Shield of the Maccabees: A Hanukkah Graphic Novel
"A fun and clever twist on the story of the Maccabees. I wish comics like this had existed when I was in school." ---Steve Sheinkin, author and illustrator of The Adventures of Rabbi Harvey
Our story begins just before the very first Hanukkah . . .
Greeks and Jews are living in an uneasy peace in ancient Judea. Jonathan, a Jewish boy, sees a Greek boy attacked by bullies, and stands up to defend him. They become best friends. But when war comes to their land, Jonathan joins the Maccabees while his friend joins the Greek army.
They seem destined to fight one another.
How will their friendship survive?
"All history books," Dara Horn has written, "fact or fiction, are really about the times in which they are written, not about the times they supposedly describe." This is particularly true when it comes to historical fiction, and it's very true about Shield of the Maccabees, Eric Kimmel and Dov Smiley's graphic novel about a friendship between a Greek boy and a Jewish boy that is fractured by the conflict between the Greeks and the Jewish Maccabees.
Kimmel uses this framework to tell a story about friendship transcending differences -- a story that should appeal greatly to its intended modern-day audience, although the main message might have made little sense to its historical characters.
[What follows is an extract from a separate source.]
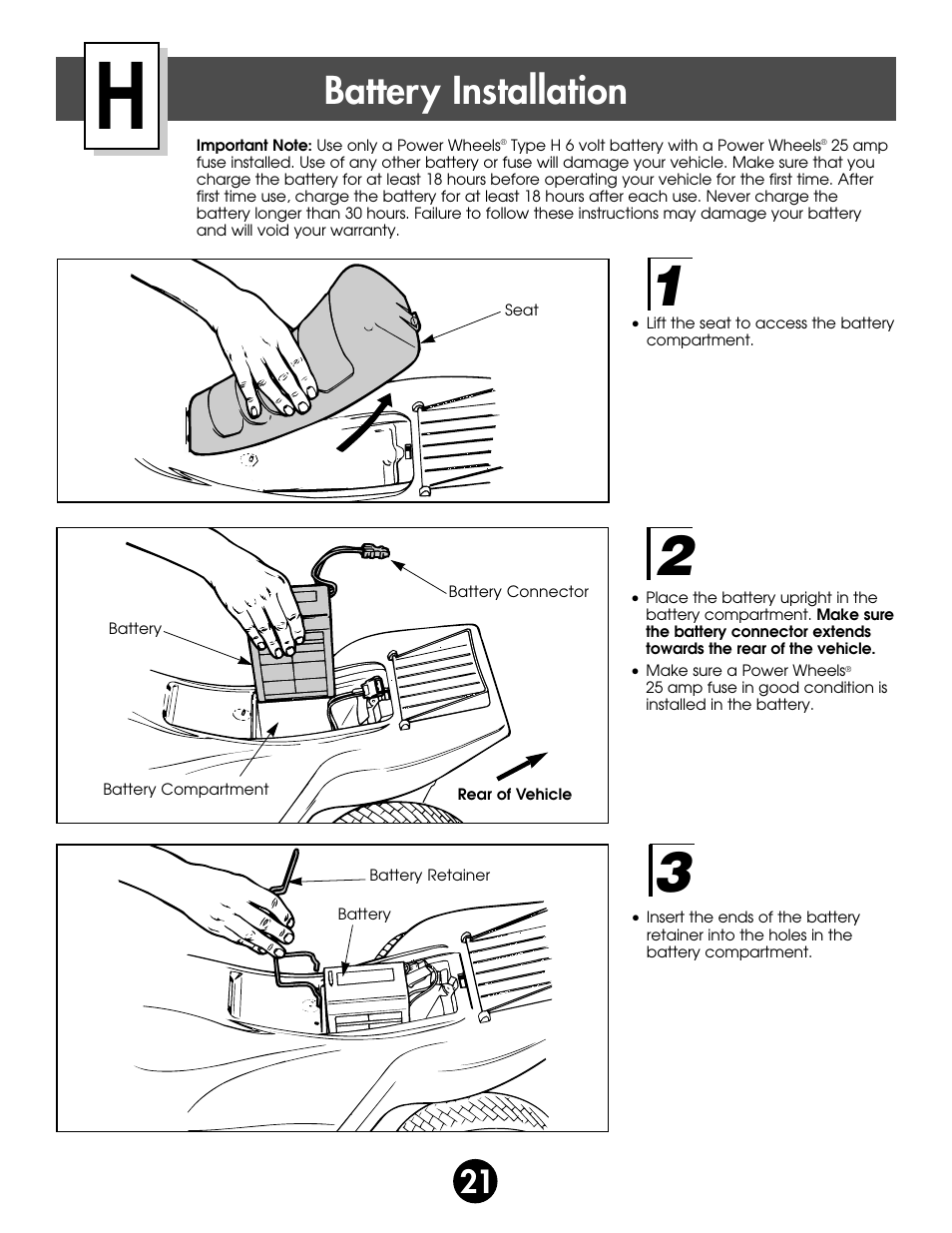 Battery installation | Kawasaki ZX-7 78410 User Manual | Page 21 / 38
Its main point aside, this vivid, fast-moving book includes plenty of authentic and well-researched historical facts. Greek myths, sports, and methods of teaching are all brought into the boys' story and relationship. Jonathan and Jason are both well-drawn, relatable characters, brought to life by fun, exciting drawings. The author builds up both their friendship and the roots of the conflict before the story gets serious; once it does, the horrors of war are also touched upon in an age-appropriate and non-graphic way.
This book meets the criteria for consideration for a Sydney Taylor Book Award; it is essentially a modern Jewish retelling of an ancient Jewish story, and modern American-Jewish children will both enjoy the book and learn from it.
--Leah Cypess, The Sydney Taylor Schmooze
Children’s books about the historical and religious origins of Hanukkah often emphasize the heroism of the Maccabees. In 167 B.C.E., these Judean freedom fighters were committed to opposing both a repressive Greek regime and the assimilationist strategies adopted by many of their fellow Jews. The joyous winter holiday of Hanukkah celebrates both the military victory and the miraculous small jar of oil found in the desecrated Temple, which allowed the menorah lights to last for eight days. Eric Kimmel and Dov Smiley have chosen a more nuanced approach in their new graphic novel, emphasizing the validity of both Jewish and Greek culture and the tragedy of war for both peoples. The Jewish rebels are still brave defenders of their right to religious freedom and national self-determination but the novel also depicts the terrible price of intolerance. The close friendship of Jason and Jonathan, a Greek and a Jewish boy, is the lens through which Kimmel and Smiley view this truth.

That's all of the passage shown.